What to do | Reproduce the records in full. Alter nothing.

(Records from a data source)

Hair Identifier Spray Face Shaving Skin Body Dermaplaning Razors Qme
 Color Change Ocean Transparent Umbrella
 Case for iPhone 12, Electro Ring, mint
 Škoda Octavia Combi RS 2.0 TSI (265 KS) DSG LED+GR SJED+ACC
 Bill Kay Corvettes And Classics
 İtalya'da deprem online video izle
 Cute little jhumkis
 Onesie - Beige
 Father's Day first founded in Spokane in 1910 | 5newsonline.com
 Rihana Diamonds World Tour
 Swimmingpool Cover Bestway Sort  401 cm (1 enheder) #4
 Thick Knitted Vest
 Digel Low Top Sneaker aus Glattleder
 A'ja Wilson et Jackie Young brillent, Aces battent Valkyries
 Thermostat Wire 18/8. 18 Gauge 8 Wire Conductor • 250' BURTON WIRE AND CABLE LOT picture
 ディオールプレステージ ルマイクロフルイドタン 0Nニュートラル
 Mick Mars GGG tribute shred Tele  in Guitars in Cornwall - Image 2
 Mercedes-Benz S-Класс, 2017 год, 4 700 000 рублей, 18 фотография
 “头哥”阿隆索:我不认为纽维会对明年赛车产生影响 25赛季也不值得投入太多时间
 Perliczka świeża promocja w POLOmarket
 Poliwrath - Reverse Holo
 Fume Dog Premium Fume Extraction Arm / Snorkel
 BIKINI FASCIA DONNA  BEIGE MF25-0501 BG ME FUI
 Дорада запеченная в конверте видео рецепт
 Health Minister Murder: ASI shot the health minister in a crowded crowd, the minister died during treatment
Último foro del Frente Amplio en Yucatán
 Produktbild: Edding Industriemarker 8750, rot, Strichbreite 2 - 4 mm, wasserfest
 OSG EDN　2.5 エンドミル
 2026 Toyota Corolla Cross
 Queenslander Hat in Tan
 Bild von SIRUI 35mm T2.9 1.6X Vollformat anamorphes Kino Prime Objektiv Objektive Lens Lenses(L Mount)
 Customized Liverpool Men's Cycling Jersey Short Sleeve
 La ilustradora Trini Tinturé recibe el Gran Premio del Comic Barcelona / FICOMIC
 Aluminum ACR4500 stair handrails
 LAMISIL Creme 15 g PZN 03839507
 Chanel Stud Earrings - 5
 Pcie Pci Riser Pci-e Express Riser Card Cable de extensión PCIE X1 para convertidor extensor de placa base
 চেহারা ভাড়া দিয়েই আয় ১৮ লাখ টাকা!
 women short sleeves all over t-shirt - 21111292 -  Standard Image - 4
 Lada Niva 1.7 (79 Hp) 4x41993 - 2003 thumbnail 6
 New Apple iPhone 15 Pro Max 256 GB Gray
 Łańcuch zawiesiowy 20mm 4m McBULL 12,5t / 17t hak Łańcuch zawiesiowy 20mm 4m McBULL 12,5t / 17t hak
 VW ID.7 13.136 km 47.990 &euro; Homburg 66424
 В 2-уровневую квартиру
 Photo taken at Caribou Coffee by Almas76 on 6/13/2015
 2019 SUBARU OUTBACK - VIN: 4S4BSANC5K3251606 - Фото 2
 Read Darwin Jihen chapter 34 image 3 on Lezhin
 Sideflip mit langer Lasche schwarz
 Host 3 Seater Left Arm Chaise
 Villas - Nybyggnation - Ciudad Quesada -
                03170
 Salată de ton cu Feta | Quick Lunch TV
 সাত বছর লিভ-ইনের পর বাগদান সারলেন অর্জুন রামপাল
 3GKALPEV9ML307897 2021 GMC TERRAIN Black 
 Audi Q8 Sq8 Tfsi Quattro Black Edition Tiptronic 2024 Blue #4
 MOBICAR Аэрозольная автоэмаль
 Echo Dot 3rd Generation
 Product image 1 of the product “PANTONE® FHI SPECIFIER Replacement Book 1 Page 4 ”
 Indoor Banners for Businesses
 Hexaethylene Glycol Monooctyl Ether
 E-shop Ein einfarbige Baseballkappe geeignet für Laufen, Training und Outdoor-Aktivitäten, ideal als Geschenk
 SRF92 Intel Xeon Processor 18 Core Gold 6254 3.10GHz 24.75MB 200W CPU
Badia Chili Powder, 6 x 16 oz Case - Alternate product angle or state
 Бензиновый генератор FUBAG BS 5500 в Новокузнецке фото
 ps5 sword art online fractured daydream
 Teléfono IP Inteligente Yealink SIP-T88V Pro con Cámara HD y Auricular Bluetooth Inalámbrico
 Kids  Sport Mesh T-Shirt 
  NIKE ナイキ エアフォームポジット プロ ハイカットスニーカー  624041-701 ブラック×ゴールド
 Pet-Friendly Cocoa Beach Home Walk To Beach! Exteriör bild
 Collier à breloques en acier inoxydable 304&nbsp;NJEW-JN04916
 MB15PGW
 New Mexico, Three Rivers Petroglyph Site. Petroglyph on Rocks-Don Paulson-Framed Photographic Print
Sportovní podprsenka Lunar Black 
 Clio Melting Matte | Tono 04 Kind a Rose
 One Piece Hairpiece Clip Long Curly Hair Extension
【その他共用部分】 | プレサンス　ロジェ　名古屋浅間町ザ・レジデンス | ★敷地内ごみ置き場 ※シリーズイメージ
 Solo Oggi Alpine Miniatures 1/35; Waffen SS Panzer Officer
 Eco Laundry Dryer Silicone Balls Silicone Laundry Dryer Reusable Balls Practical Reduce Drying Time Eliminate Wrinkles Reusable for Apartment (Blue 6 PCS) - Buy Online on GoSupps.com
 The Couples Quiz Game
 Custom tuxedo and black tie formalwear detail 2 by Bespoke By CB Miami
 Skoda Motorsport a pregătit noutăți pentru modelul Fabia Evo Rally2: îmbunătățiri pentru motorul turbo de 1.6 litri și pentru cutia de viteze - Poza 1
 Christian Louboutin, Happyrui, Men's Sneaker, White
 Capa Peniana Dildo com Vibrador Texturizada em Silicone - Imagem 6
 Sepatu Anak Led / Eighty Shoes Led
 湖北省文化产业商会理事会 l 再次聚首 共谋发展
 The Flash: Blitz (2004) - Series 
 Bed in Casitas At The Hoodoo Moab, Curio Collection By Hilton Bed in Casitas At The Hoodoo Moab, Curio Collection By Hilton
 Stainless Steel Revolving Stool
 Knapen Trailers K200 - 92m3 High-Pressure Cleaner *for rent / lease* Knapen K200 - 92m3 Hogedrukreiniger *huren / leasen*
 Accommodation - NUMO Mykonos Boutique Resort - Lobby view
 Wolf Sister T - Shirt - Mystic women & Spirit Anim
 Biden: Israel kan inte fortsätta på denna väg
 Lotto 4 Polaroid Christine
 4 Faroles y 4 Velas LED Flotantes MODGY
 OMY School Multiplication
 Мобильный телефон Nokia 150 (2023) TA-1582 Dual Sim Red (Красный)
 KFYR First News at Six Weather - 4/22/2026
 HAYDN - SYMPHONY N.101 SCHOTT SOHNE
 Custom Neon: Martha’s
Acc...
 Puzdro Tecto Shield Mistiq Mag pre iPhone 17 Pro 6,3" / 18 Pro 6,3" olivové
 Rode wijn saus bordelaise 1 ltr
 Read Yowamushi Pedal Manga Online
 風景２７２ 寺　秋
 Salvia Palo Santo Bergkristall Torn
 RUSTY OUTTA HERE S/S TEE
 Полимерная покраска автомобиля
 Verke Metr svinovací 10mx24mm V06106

Solved exercise |
Hair Identifier Spray Face Shaving Skin Body Dermaplaning Razors Qme
 Color Change Ocean Transparent Umbrella
 Case for iPhone 12, Electro Ring, mint
 Škoda Octavia Combi RS 2.0 TSI (265 KS) DSG LED+GR SJED+ACC
 Bill Kay Corvettes And Classics
 İtalya'da deprem online video izle
 Cute little jhumkis
 Onesie - Beige
 Father's Day first founded in Spokane in 1910 | 5newsonline.com
 Rihana Diamonds World Tour
 Swimmingpool Cover Bestway Sort  401 cm (1 enheder) #4
 Thick Knitted Vest
 Digel Low Top Sneaker aus Glattleder
 A'ja Wilson et Jackie Young brillent, Aces battent Valkyries
 Thermostat Wire 18/8. 18 Gauge 8 Wire Conductor • 250' BURTON WIRE AND CABLE LOT picture
 ディオールプレステージ ルマイクロフルイドタン 0Nニュートラル
 Mick Mars GGG tribute shred Tele  in Guitars in Cornwall - Image 2
 Mercedes-Benz S-Класс, 2017 год, 4 700 000 рублей, 18 фотография
 “头哥”阿隆索:我不认为纽维会对明年赛车产生影响 25赛季也不值得投入太多时间
 Perliczka świeża promocja w POLOmarket
 Poliwrath - Reverse Holo
 Fume Dog Premium Fume Extraction Arm / Snorkel
 BIKINI FASCIA DONNA  BEIGE MF25-0501 BG ME FUI
 Дорада запеченная в конверте видео рецепт
 Health Minister Murder: ASI shot the health minister in a crowded crowd, the minister died during treatment
Último foro del Frente Amplio en Yucatán
 Produktbild: Edding Industriemarker 8750, rot, Strichbreite 2 - 4 mm, wasserfest
 OSG EDN　2.5 エンドミル
 2026 Toyota Corolla Cross
 Queenslander Hat in Tan
 Bild von SIRUI 35mm T2.9 1.6X Vollformat anamorphes Kino Prime Objektiv Objektive Lens Lenses(L Mount)
 Customized Liverpool Men's Cycling Jersey Short Sleeve
 La ilustradora Trini Tinturé recibe el Gran Premio del Comic Barcelona / FICOMIC
 Aluminum ACR4500 stair handrails
 LAMISIL Creme 15 g PZN 03839507
 Chanel Stud Earrings - 5
 Pcie Pci Riser Pci-e Express Riser Card Cable de extensión PCIE X1 para convertidor extensor de placa base
 চেহারা ভাড়া দিয়েই আয় ১৮ লাখ টাকা!
 women short sleeves all over t-shirt - 21111292 -  Standard Image - 4
 Lada Niva 1.7 (79 Hp) 4x41993 - 2003 thumbnail 6
 New Apple iPhone 15 Pro Max 256 GB Gray
 Łańcuch zawiesiowy 20mm 4m McBULL 12,5t / 17t hak Łańcuch zawiesiowy 20mm 4m McBULL 12,5t / 17t hak
 VW ID.7 13.136 km 47.990 &euro; Homburg 66424
 В 2-уровневую квартиру
 Photo taken at Caribou Coffee by Almas76 on 6/13/2015
 2019 SUBARU OUTBACK - VIN: 4S4BSANC5K3251606 - Фото 2
 Read Darwin Jihen chapter 34 image 3 on Lezhin
 Sideflip mit langer Lasche schwarz
 Host 3 Seater Left Arm Chaise
 Villas - Nybyggnation - Ciudad Quesada -
                03170
 Salată de ton cu Feta | Quick Lunch TV
 সাত বছর লিভ-ইনের পর বাগদান সারলেন অর্জুন রামপাল
 3GKALPEV9ML307897 2021 GMC TERRAIN Black 
 Audi Q8 Sq8 Tfsi Quattro Black Edition Tiptronic 2024 Blue #4
 MOBICAR Аэрозольная автоэмаль
 Echo Dot 3rd Generation
 Product image 1 of the product “PANTONE® FHI SPECIFIER Replacement Book 1 Page 4 ”
 Indoor Banners for Businesses
 Hexaethylene Glycol Monooctyl Ether
 E-shop Ein einfarbige Baseballkappe geeignet für Laufen, Training und Outdoor-Aktivitäten, ideal als Geschenk
 SRF92 Intel Xeon Processor 18 Core Gold 6254 3.10GHz 24.75MB 200W CPU
Badia Chili Powder, 6 x 16 oz Case - Alternate product angle or state
 Бензиновый генератор FUBAG BS 5500 в Новокузнецке фото
 ps5 sword art online fractured daydream
 Teléfono IP Inteligente Yealink SIP-T88V Pro con Cámara HD y Auricular Bluetooth Inalámbrico
 Kids  Sport Mesh T-Shirt 
  NIKE ナイキ エアフォームポジット プロ ハイカットスニーカー  624041-701 ブラック×ゴールド
 Pet-Friendly Cocoa Beach Home Walk To Beach! Exteriör bild
 Collier à breloques en acier inoxydable 304&nbsp;NJEW-JN04916
 MB15PGW
 New Mexico, Three Rivers Petroglyph Site. Petroglyph on Rocks-Don Paulson-Framed Photographic Print
Sportovní podprsenka Lunar Black 
 Clio Melting Matte | Tono 04 Kind a Rose
 One Piece Hairpiece Clip Long Curly Hair Extension
【その他共用部分】 | プレサンス　ロジェ　名古屋浅間町ザ・レジデンス | ★敷地内ごみ置き場 ※シリーズイメージ
 Solo Oggi Alpine Miniatures 1/35; Waffen SS Panzer Officer
 Eco Laundry Dryer Silicone Balls Silicone Laundry Dryer Reusable Balls Practical Reduce Drying Time Eliminate Wrinkles Reusable for Apartment (Blue 6 PCS) - Buy Online on GoSupps.com
 The Couples Quiz Game
 Custom tuxedo and black tie formalwear detail 2 by Bespoke By CB Miami
 Skoda Motorsport a pregătit noutăți pentru modelul Fabia Evo Rally2: îmbunătățiri pentru motorul turbo de 1.6 litri și pentru cutia de viteze - Poza 1
 Christian Louboutin, Happyrui, Men's Sneaker, White
 Capa Peniana Dildo com Vibrador Texturizada em Silicone - Imagem 6
 Sepatu Anak Led / Eighty Shoes Led
 湖北省文化产业商会理事会 l 再次聚首 共谋发展
 The Flash: Blitz (2004) - Series 
 Bed in Casitas At The Hoodoo Moab, Curio Collection By Hilton Bed in Casitas At The Hoodoo Moab, Curio Collection By Hilton
 Stainless Steel Revolving Stool
 Knapen Trailers K200 - 92m3 High-Pressure Cleaner *for rent / lease* Knapen K200 - 92m3 Hogedrukreiniger *huren / leasen*
 Accommodation - NUMO Mykonos Boutique Resort - Lobby view
 Wolf Sister T - Shirt - Mystic women & Spirit Anim
 Biden: Israel kan inte fortsätta på denna väg
 Lotto 4 Polaroid Christine
 4 Faroles y 4 Velas LED Flotantes MODGY
 OMY School Multiplication
 Мобильный телефон Nokia 150 (2023) TA-1582 Dual Sim Red (Красный)
 KFYR First News at Six Weather - 4/22/2026
 HAYDN - SYMPHONY N.101 SCHOTT SOHNE
 Custom Neon: Martha’s
Acc...
 Puzdro Tecto Shield Mistiq Mag pre iPhone 17 Pro 6,3" / 18 Pro 6,3" olivové
 Rode wijn saus bordelaise 1 ltr
 Read Yowamushi Pedal Manga Online
 風景２７２ 寺　秋
 Salvia Palo Santo Bergkristall Torn
 RUSTY OUTTA HERE S/S TEE
 Полимерная покраска автомобиля
 Verke Metr svinovací 10mx24mm V06106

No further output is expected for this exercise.